We make investments in our health and happiness all the time. Every one of these investments comes at a cost and offers a reward. We believe we’ll be happier if we buy a newer home or spend a few weeks in Tahiti. We’ll be healthier if we get a calorie-counting phone app or sign up for a new class at the gym. The cost-reward ratio is in play for all of these decisions. We ask ourselves, “Is it worth it?” “How much money and time do I need to put into this, and what will I get from it?”

Of course short-term benefit often comes with long-term costs, and that’s where these decisions get tricky. But there’s one investment in your health and happiness that, as far as I can tell, has no cost.

The single best investment we can make into our health and happiness is developing present moment awareness (PMA). That’s because the only cost to you is five minutes out of your day. Yet, the benefits of developing PMA include (but are not limited to) less anxiety/depression, better concentration, increased immune functioning, better sleep, better pain tolerance and more feelings of calm and serenity.
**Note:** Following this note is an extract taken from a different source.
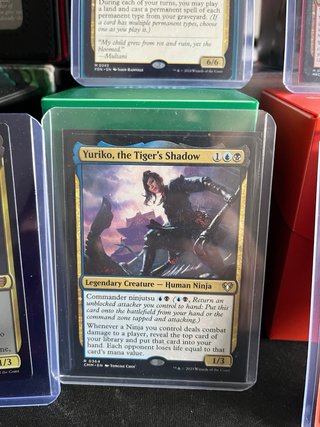 Colección Cartas Magic The Gathering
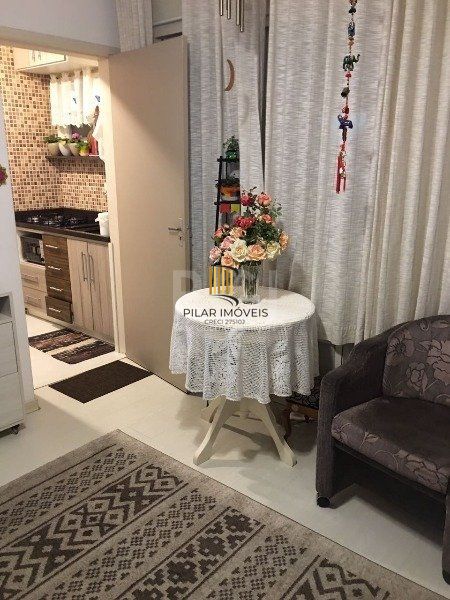 Apartamento para Venda - 54.18m², 2 dormitórios, Cidade Baixa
It also makes us better cops because those with a high degree of PMA tend to be experts at responding versus reacting to difficult people. When we start reacting to the fellow in front of us, we lose control of ourself and the situation we’ve found ourself in.

What It Is
OK—so what’s this PMA stuff?

An example of present moment awareness is when you get home late at night from work super hungry, and you find your favorite meal waiting for you. Alone at the dinner table, all your thoughts and bodily sensations turn to this amazing food in front of you. You savor every bite. You’re completely present in the moment with your food.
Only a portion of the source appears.